As campuses consider pathway programs, faculty will be interested in the academic quality of the pathway program and are essential participants in the conversations. International students recruited into pathway programs will take the same courses as domestic students, most often in separate sections and with additional contact hours, and the expectations for academic success will be set by the campus faculty. Faculty who teach in the program are selected by and hired by the campus but compensated by the external partner. Campuses should request data from potential providers on student retention and graduation success rates as well as comparisons of pathway student success with the success of international students who were directly admitted. Joint academic committees between the partners will ensure that academic rigor and quality are evaluated on a regular basis.

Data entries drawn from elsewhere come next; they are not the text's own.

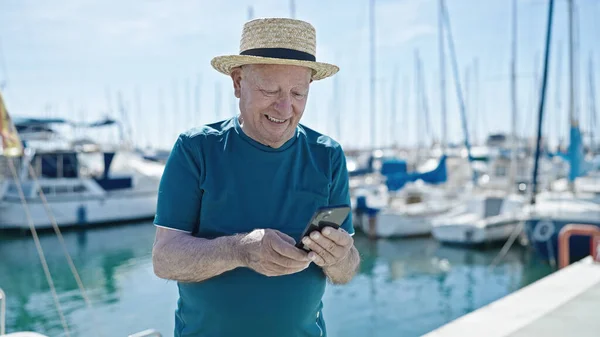 Senior Γκριζομάλλης Τουρίστας Φορώντας Καλοκαιρινό Καπέλο Χρησιμοποιώντας Smartphone Στο Λιμάνι — Φωτογραφία Αρχείου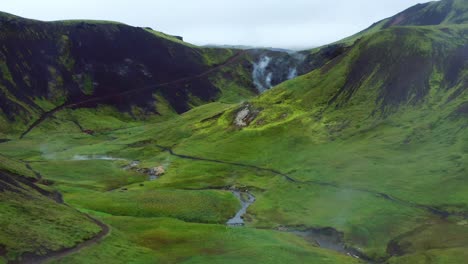 Aerial-View-Of-Tourists-At-Reykjadalur-Valley-With-Green-Mountains-Landscape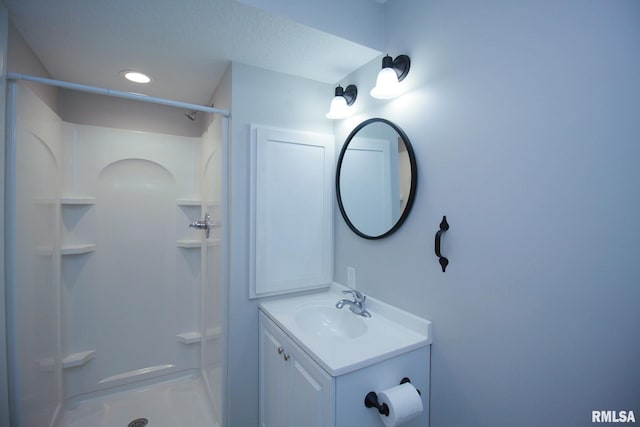 bathroom featuring a stall shower, recessed lighting, and vanity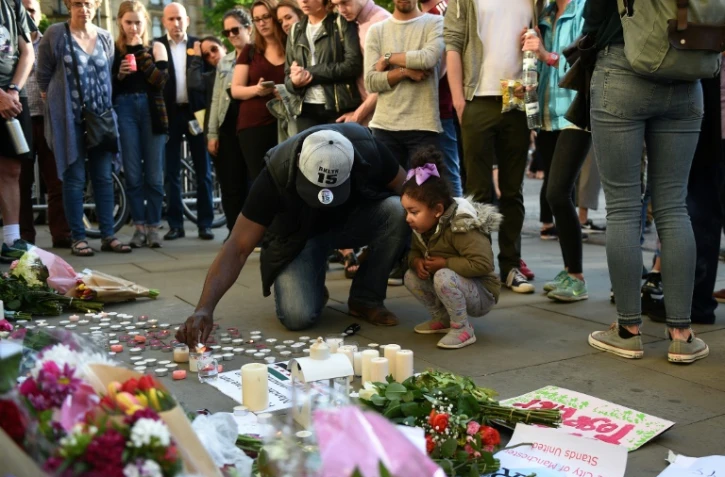 Un homme et sa petite fille allument des bougies Ă quelques pas du lieu de l'attentat Ă l'Albert Square de Manchester le 23 mai 2017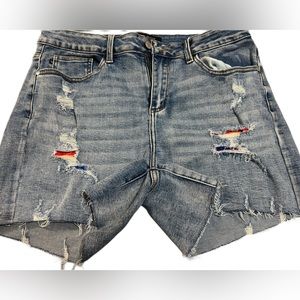 Judy Blue denim shorts with serape patches. 1X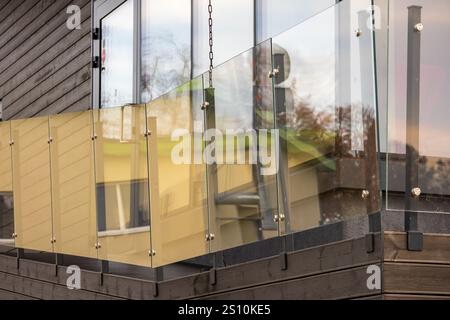 Balcony enclosed by glass balcony railings. The floor of the balcony is made of wood, and behind the glass railing you can see elements of another bui Stock Photo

Benefits of Pathway Programs 

Few question the benefits of having international students on campus. For domestic students, being in classes with international students has the potential to provide them with an international experience without leaving home. With a critical mass of international students on a campus, events such as Chinese New Year and Diwali bring international experiences to all students. Working in groups with students from other countries readies all students to participate in global affairs and prepare for the diverse workforce they will enter.

Pathway programs support the globalization of campuses through the diversity of students, the expansion of the curriculum, and broader opportunities for faculty and staff. Working in partnership with senior administrators on the campus, pathway program providers are committed to the mission and goals of the partner campus. Pathway programs have the ancillary effect of an expanded revenue stream for the institution that allows the campus partners to expand services and opportunities for all students.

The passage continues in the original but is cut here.